There seems to be evidence that in situations where healing occurs in a nontraditional manner – using the mind and the heart to heal – that while people can heal themselves, its easier to create a healing when they are surrounded by people who believe as they do. The joining of similar beliefs seems to empower the person who wants to be healed to healing. The other people trying to help with the healing definitely do something as well. (I saw pictures of what happens in their brains when they focus on healing – and I saw the resultant healing.) However, while Braden mentioned a quote from Jesus – “Wherever two or more are gathered together in my name, there I am in the midst of them,” (Matt. 18:20) I was struck by the fact that Jews have long believed it was most powerful to pray in a minyan. It was the firm belief of the Jewish sages that wherever ten are assembled, either for worship or for the study of the Law, the Divine Femine Presence, or Shechinah, joins them. Jesus, of course, was a Jew with a new way of thinking.

It seems to me that, in general, we are being told that something imporant happens when we pray in groups. When we are surrounded by people with similar beliefs, the feeling that we emit from our hearts extends outward.

This brings me back to Rosh Hashanah. While HeartMath says the energy of our hearts extends at least 8 feet, some say it extends miles.
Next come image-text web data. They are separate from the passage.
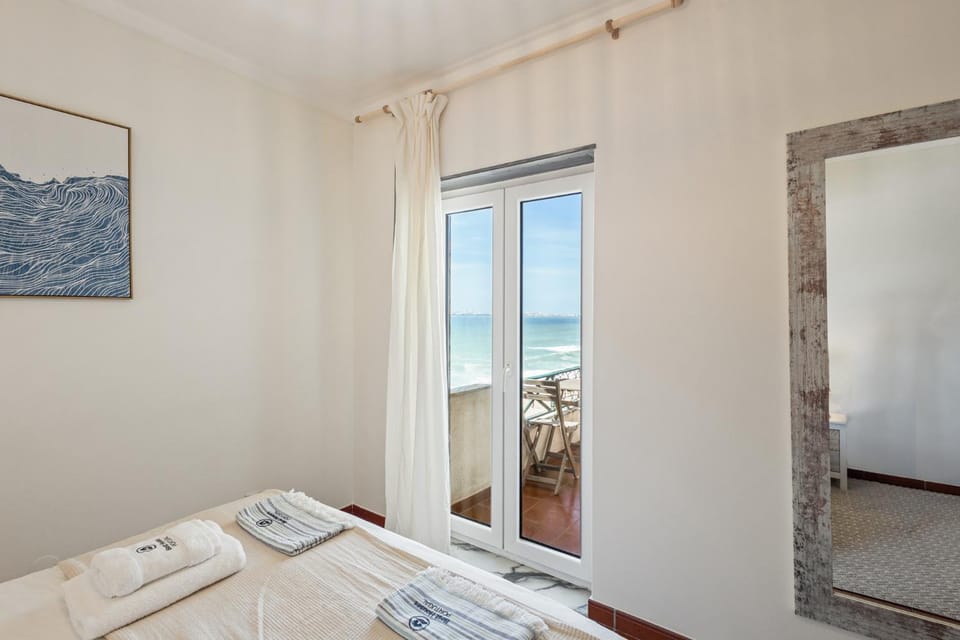 Photo of the whole room, Bedroom, Sea view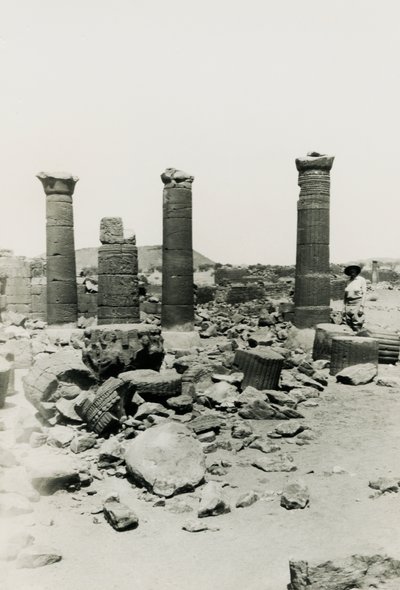 Kolonner och ruiner av ett tempel i den stora inhägnaden, Musawwarat es Sufra, Sudan, fotografi av Ugo Monneret de Villard av Ugo Monneret de Villard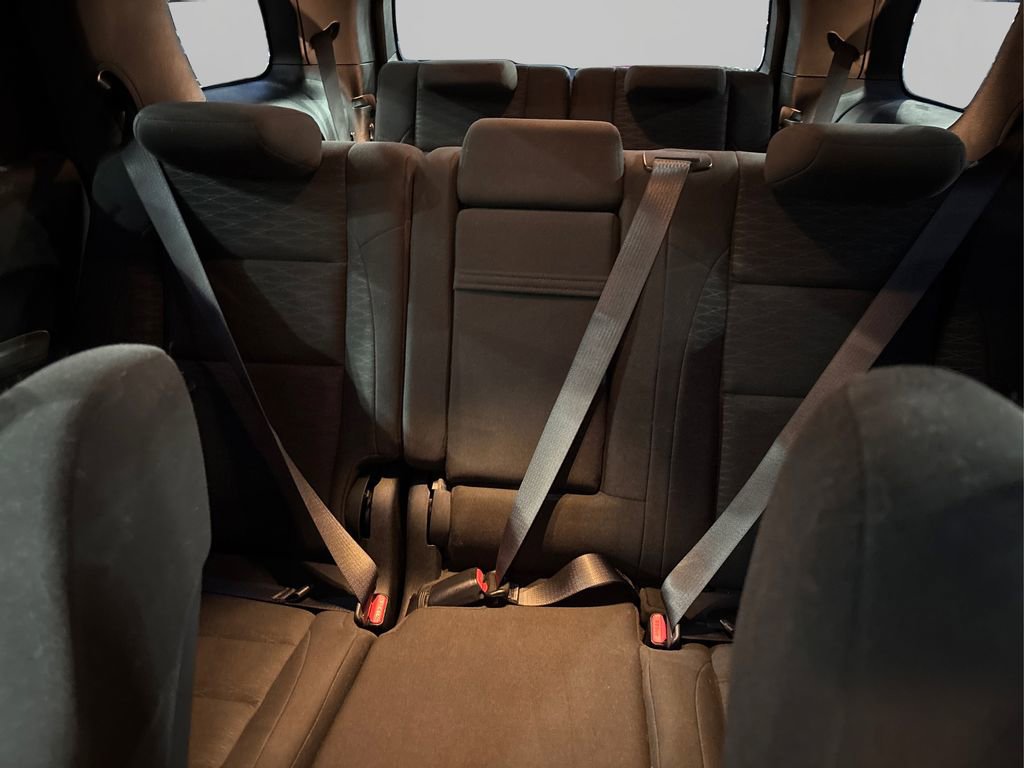 Used 2020 Dodge Durango SXT image 16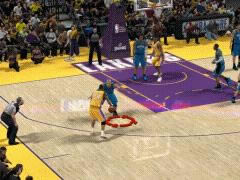 《NBA2K10》带球虚晃过人 晃倒对方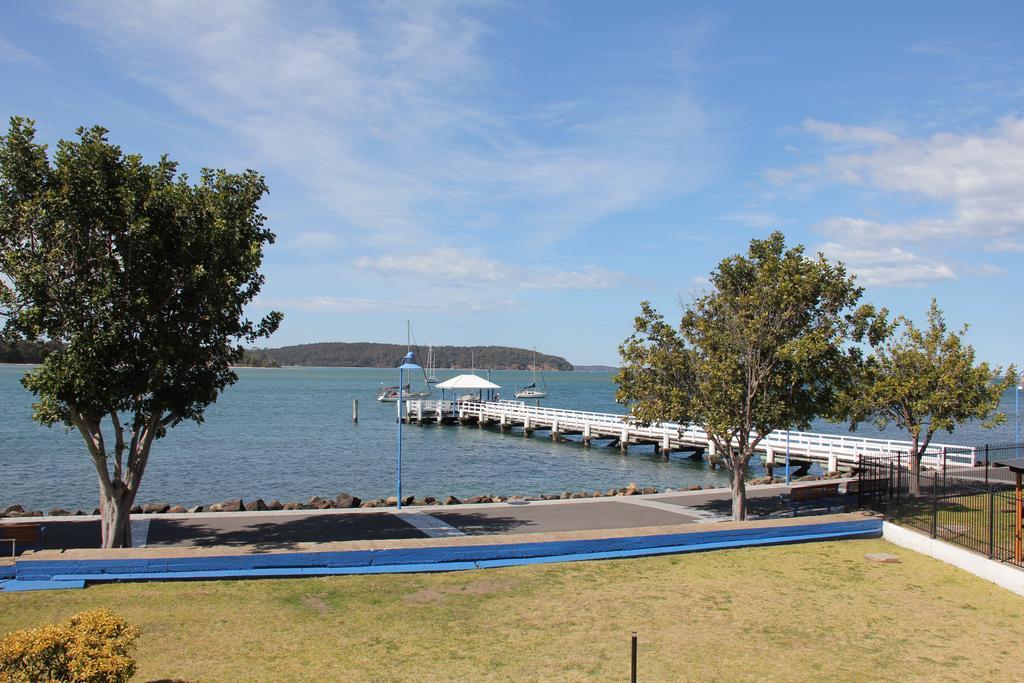 Zorba Waterfront Motel Batemans Bay Exterior photo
Imagine a synagogue full of people praying – all with similar beliefs, all with prayers filled with gratitude.

And the Jewish mystics, or Kabbalists, say “as above, so below.” And we can reverse this: as below, so above. When we pray with a strong feeling, and when we do this in a group, imagine the affect we have on the heavens. Might it not be possible then to actually have our prayers answered?
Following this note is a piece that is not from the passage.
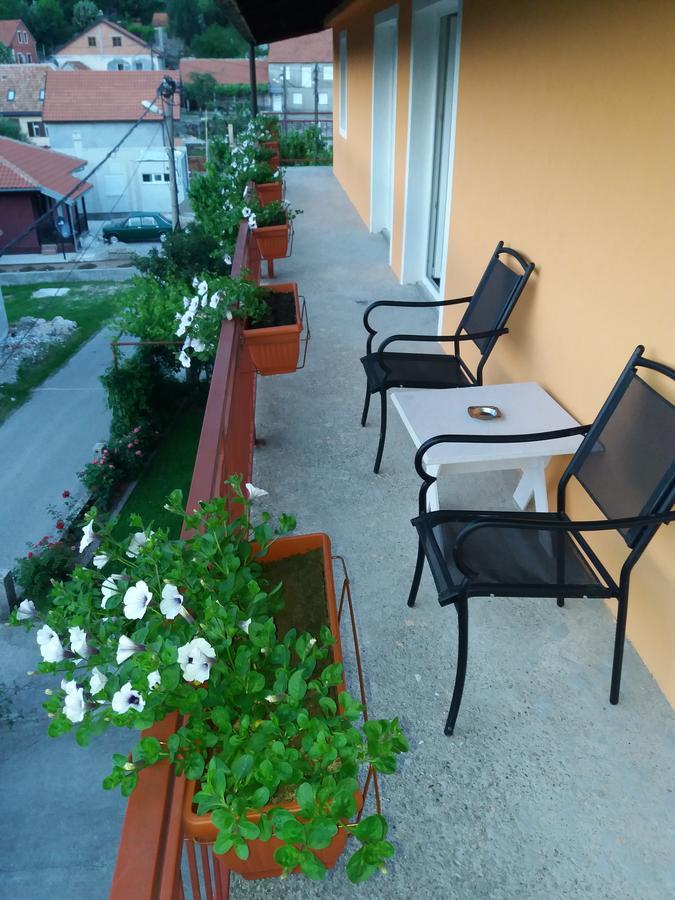Apartments Mirkovic Цетинє Екстер'єр фото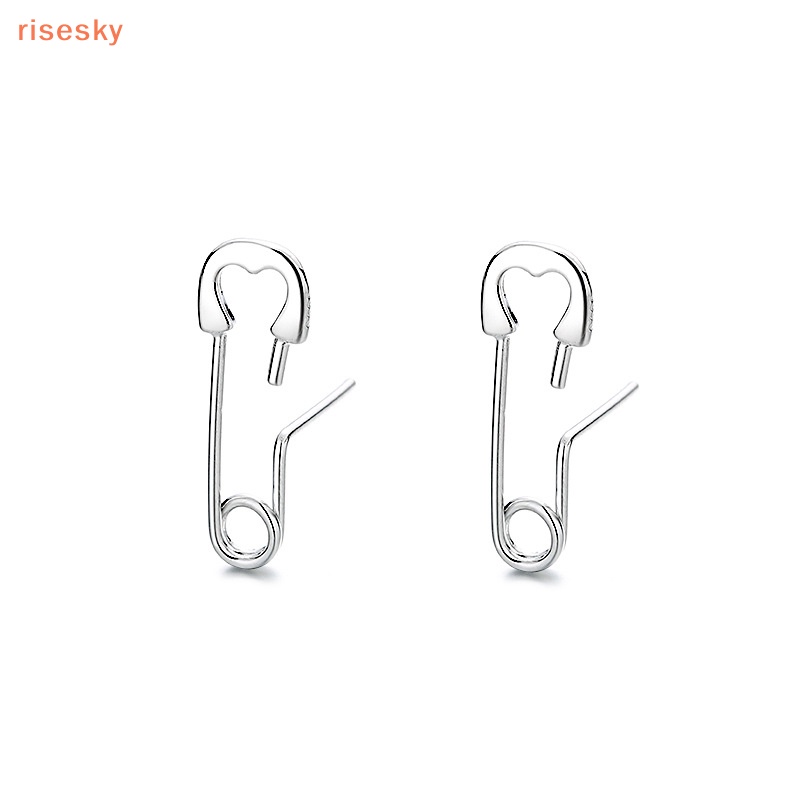 1 Đôi Bông Tai Hình Ghim Kẹp Giấy Màu Sắc Không Đồng Đều Phong Cách Gothic Dành Cho Nam Nữ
I’m going to try and keep this in mind this New Year. As I sit through services this Rosh Hashanah, I will focus my thoughts and my feelings on prayers of gratitude that radiate out through my heart. I’ll see them extending beyond the walls of the synagagogue out into the cosmos. And I’ll seem them being answered by a similar energy that travels back to me, like ripples in a pond. When I place my rock (prayer) into the water, the ripples go out to God, and when they reach God, an identical rock gets placed in the water and the ripples come back to me. A prayer sent, a prayer answered.

L’shanah tovah tikatevu. May you be inscribed for a good year.